PRESS RELEASE

June 18, 2007

Chrysler Celebrates the Rich History of the Jeep Brand in the Toledo Community

  • Demolition of historic Parkway site nears completion
  • 'Overland' smokestack to be preserved as symbol of historic link to City of Toledo
  • Bricks salvaged from the other two smokestacks will be sold to benefit Boys and Girls Club of Toledo

Toledo, Ohio  - As demolition of the former Jeep Parkway facility in Toledo draws to a close, the Chrysler Group today announced plans to preserve one of the three recognizable smokestacks on the site.  The smokestacks have been a well known part of the Toledo skyline since 1915. 

Toledo's Parkway Plant was the oldest manufacturing facility in North America, churning out approximately 11 million vehicles in its 96-year history.   Operations at the site ceased in 2006, after 64 years of manufacturing Jeep brand products, including military vehicles for World War II.  Production of the Jeep Wrangler and the new, four-door Unlimited version of the Wrangler was relocated to the new, $2.1 billion state-of-the-art Toledo Supplier Park last year. 

"While the Parkway facility no longer served our manufacturing needs, the site holds a rich history and is close to my heart," said Deb Morrisssett, Vice President  - Regulatory Affairs for the Chrysler Group.  "We are invested in Toledo's past and the city's future.  We hope that the preserved smokestack serves as a reminder to the citizens of Toledo of the important role they played in history." 

In 1909, the site became the headquarters and main manufacturing facility for the Willys-Overland Motor Company.  Parkway began producing Jeep military vehicles in the early 1940s before switching over to the Civilian Jeep (CJ) in 1945.  In 1953 Kaiser Motors purchased Willys-Overland, and ten years later Kaiser-Jeep Corporation took ownership and then sold it to American Motors Corporation in 1970.

The Chrysler Group also announced plans for bricks from the two demolished smokestacks.  "We're inviting Toledo residents to own a piece of Jeep history by purchasing the bricks from those smokestacks," said Frank Fountain, Senior Vice President - External Affairs and Public Policy for the Chrysler Group.  "Proceeds from the sale will go to the Boys and Girls Club of Toledo.  In addition, the DaimlerChrysler Corporation Fund will match the proceeds - doubling the benefit to this worthy cause.  So in a way, the two stacks will remain a part of this community."  The bricks will be available for $39.99.  Details on the brick sale can be found at www.thescoop-cg.com/jeepbricks/

The Chrysler Group employs 7,941 in the state of Ohio, generating $465 million in annual wages and providing more than $26 million in taxable income to the state.  But the company's commitment to the city of Toledo and state of Ohio goes beyond business.  Chrysler also sponsors a wide variety of community programs in Toledo, including the Art Tatum Jazz Heritage Festival, the Toledo Urban League, City's Youth Entrepreneur Program, Toledo Opera, the Toledo Museum of Art, Valentine Theatre and the Diamante Awards. 

The Chrysler Group, headquartered in Auburn Hills, Mich., produces Chrysler, Jeep®, Dodge and Mopar® brand vehicles and products.

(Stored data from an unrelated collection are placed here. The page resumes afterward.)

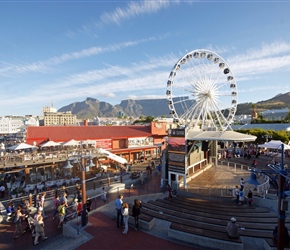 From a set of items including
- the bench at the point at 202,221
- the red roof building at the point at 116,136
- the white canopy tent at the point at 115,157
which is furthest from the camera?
the red roof building at the point at 116,136

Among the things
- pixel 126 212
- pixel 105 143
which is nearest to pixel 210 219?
pixel 126 212

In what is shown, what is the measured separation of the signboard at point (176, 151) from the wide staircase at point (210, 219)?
7.42 ft

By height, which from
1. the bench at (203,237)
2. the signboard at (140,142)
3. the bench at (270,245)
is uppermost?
the signboard at (140,142)

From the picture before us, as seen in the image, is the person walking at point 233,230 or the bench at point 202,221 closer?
the person walking at point 233,230

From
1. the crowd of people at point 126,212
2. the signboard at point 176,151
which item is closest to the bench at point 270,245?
the crowd of people at point 126,212

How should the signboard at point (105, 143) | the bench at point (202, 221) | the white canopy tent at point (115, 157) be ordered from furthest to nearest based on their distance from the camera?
1. the signboard at point (105, 143)
2. the white canopy tent at point (115, 157)
3. the bench at point (202, 221)

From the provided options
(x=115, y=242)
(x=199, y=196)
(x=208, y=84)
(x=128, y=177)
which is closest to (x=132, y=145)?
(x=128, y=177)

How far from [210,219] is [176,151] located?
6.35 metres

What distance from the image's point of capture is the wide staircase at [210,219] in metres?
7.87

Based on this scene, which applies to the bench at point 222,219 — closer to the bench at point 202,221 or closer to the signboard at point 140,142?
the bench at point 202,221

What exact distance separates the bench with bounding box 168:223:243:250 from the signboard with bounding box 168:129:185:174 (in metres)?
6.74

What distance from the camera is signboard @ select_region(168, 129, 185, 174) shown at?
1527 cm

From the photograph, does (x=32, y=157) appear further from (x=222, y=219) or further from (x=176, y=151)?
(x=222, y=219)

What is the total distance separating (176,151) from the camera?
1566cm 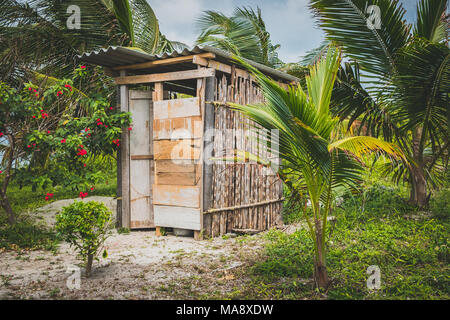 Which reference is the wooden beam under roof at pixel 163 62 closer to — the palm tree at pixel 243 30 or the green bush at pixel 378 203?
the green bush at pixel 378 203

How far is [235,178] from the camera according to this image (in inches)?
249

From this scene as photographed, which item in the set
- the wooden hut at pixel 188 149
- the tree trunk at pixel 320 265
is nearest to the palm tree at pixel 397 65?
the wooden hut at pixel 188 149

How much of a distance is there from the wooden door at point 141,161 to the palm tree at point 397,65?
11.5 ft

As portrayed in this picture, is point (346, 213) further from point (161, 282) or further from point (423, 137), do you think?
point (161, 282)

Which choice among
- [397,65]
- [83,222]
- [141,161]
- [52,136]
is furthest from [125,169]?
[397,65]

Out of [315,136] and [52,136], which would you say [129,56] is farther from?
[315,136]

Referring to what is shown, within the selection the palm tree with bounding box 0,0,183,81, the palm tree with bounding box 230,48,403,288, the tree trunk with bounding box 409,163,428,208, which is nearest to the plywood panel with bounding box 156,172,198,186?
the palm tree with bounding box 230,48,403,288

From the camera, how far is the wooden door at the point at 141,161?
677cm

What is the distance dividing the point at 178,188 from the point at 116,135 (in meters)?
1.48

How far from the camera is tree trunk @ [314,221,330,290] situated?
11.5 feet

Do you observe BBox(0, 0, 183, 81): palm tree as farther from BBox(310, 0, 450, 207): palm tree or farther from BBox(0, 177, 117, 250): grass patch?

Total sales worldwide in 2006 were 2.7 million vehicles. Sales outside of North America were the highest in a decade with an increase of 15 percent over 2005. On the heels of the company’s record product launch year (Chrysler Group launched 10 all-new vehicles in 2006), the company plans to extend that streak with eight all-new products in 2007. Its product lineup features some of the world's most recognizable vehicles, including the Chrysler 300, Jeep Commander and Dodge Charger. The DaimlerChrysler Corporation Fund, the Company's philanthropic arm, gave $23.6 million in grants in 2006.